All of lore.kernel.org
 help / color / mirror / Atom feed
From: Ryan Roberts <ryan.roberts@arm.com>
To: "Matthew Wilcox (Oracle)" <willy@infradead.org>,
	Andrew Morton <akpm@linux-foundation.org>
Cc: linux-mm@kvack.org, Aishwarya TCV <Aishwarya.TCV@arm.com>,
	Mark Brown <broonie@kernel.org>, Ard Biesheuvel <ardb@kernel.org>
Subject: Re: [PATCH 4/8] mm: Add __dump_folio()
Date: Fri, 1 Mar 2024 10:21:10 +0000	[thread overview]
Message-ID: <6de0d026-cd8d-4152-97ca-d33d2a4e2e84@arm.com> (raw)
In-Reply-To: <20240227192337.757313-5-willy@infradead.org>

Hi Matthew,

On 27/02/2024 19:23, Matthew Wilcox (Oracle) wrote:
> Turn __dump_page() into a wrapper around __dump_folio().  Snapshot the
> page & folio into a stack variable so we don't hit BUG_ON() if an
> allocation is freed under us and what was a folio pointer becomes a
> pointer to a tail page.

I'm seeing a couple of panics caused by this patch. I already raised the first one at [1], and it looks like there is a bug in Ard's patch (which he now has a proposed fix for) which provokes the bug in this.

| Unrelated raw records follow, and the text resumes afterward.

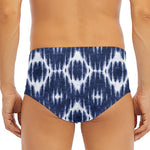 Blue Shibori Print Men's Triangle Swim Briefs
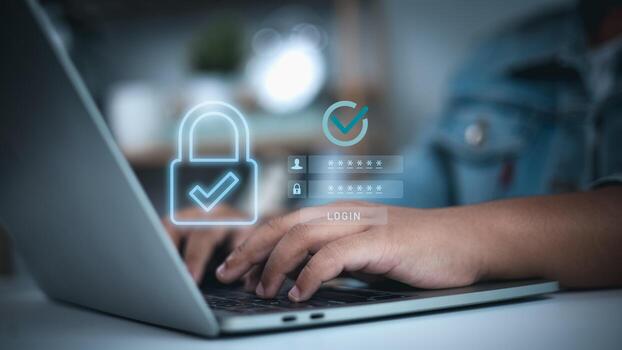 Cybersecurity Login Authentication with Password Protection and Data Privacy on Laptop photo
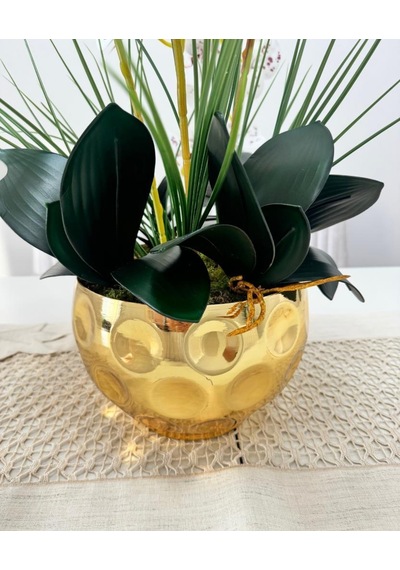 Yapay Çiçek 4lü Bordo Çilli Beyaz Islak Orkide Metal Yuvarlak Gold Vazoda Orkide 50cm
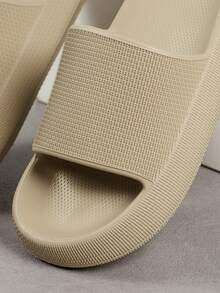 Teenagers' Summer EVA House Slippers, Non-Slip Bathroom Minimalist Comfortable Soft Bottom Quiet Beach Open Toe Sandals - Khaki - View 3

[1] https://lore.kernel.org/linux-arm-kernel/fc691e8d-1a50-4be6-a3b2-d60d6f2e2487@arm.com/

The other way to trigger it is to run the mm kselftest:

  gup_test -ct -F 0x1 0 19 0x1000

This calls into the kernel and deliberately calls dump_page() via dump_pages_test() in gup_test.c.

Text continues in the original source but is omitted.